No episódio mais recente, a parte rotativa do elenco é trocada e os cenários mundo afora também se alteram, mas tornam a aparecer dinâmicas semelhantes erguidas sobre uma base já conhecida. A analista Heather (Alicia Vikander) é quem faz as vezes de elo possível para Jason na agência, como Pamela Landy (Joan Allen) anteriormente.
Embora seus jogos de poder com o diretor da CIA (Tommy Lee Jones) contribuam para a atmosfera de desconfiança generalizada, seu impacto é restringido pelas escolhas do filme, que se prende excessivamente a planos fechados das expressões preocupadas dos personagens, olhares por cima dos ombros, tremores durante caminhadas apressadas e a uma trilha sonora incessante para construir tensão. Quase não há momentos de calmaria como em “Identidade”, quando o agente ainda tateava no escuro analisando seus vestígios e o raciocínio precedia a ação.
Tendo domínio sobre o produto final, Greengrass opta por variar apenas um ou outro ingrediente sem incorporar novas técnicas à receita
Além disso, falta repertório para construir Bourne como um fato do nosso tempo.

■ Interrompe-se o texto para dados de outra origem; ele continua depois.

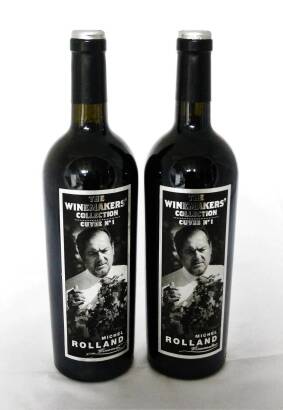(2) 2005 The Winemakers Collection Cuvee No.1 Michel Rolland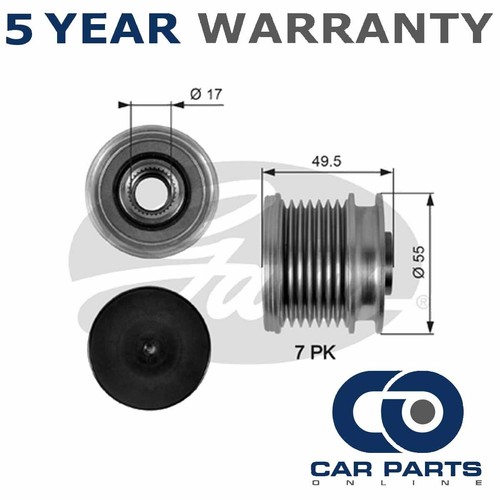 Gates alternator freewheel - alternator,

É evidente a tentativa de trabalhar as demandas de um mundo pós-Snowden, sobretudo pela presença de Aaron Kalloor (Riz Ahmed), criador de uma rede social envolvido em discussões relacionadas ao direito à privacidade. O personagem, porém, não se livra da condição de acessório e jamais consegue fazer com que a vigilância se torne um perigo real, não apenas componente do clima de paranoia.
No limite, as aparências dessa disputa entre gato e rato promovida por Greengrass sugerem uma complexidade que o filme não carrega de fato — ou, ao menos, não pela primeira vez. Carente de grandes momentos e vítima da incapacidade do diretor em explorar novas camadas da mitologia, o último capítulo da franquia só possui um aspecto ainda obscuro: o próprio Jason Bourne, refém da fórmula que o consagrou.